A grammar self-index of a text
- C++ >= 17
- CMake >= 3.7
- SDSL-lite
The xxHash library is already included in the source files. We include a CMake module that will search for the local installation of the SDSL-library. No need to indicate the path during the compilation.
Clone repository, enter the project folder and execute the following commands:
mkdir build
cd build
cmake ..
make
./lpg index tests/sample_file.txt
The command above will produce the file sample_file.txt.lpg_idx
The current implementation expects a string ending with the null '\0' character. If you have a collection rather than a single string, you need to concatenate the input into one sequence and then append '\0'. Notice that the program will crash if '\0' appears in other places of the file different from the end.
Assuming you are in the folder build
inside the repository. You can run a search example as:
./lpg search sample_file.txt.lpg_idx -F ../tests/sample_file.rand_pat_100_10
The -F
flag expects a file with the pattern list (one element per line).

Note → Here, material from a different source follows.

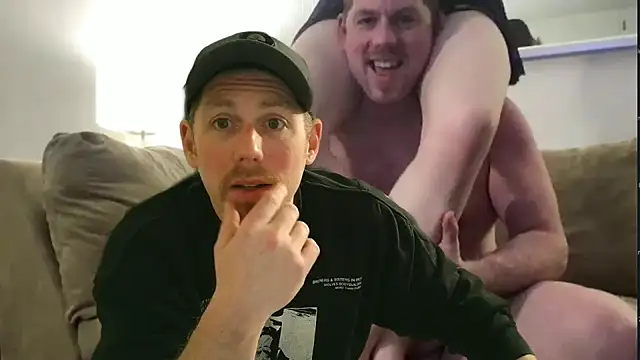 Snapshot of Rock_Pierce chatting on November 15, 6:17 am Rock Pierce online show from November 15, 6:17 am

Alternatively, you can use --p
to pass a pattern
in place. The in-place option can take multiple inputs. For instance, --p pat1 pat2 pat3 ..
or
--p pat1 --p pat2 --p pat3
. The options -F
and --p
are complementary, meaning that the program will search for
the combined pattern collection.
The -r
flag in the command line will report the number of occurrences and the elapsed time individually per input
pattern. If you do not use this flag, the program will print the sum of all the pattern occurrences and the total
elapsed time to get them.
This repository is a legacy implementation that has yet to be tested in massive inputs. If you find bugs, please report them here.
If you use this code, please cite the following paper:
Díaz-Domínguez, D., Navarro, G., & Pacheco, A..
An LMS-based grammar self-index with local consistency properties.
In Proc. 28th Symposium on String Processing and Information (SPIRE 2021).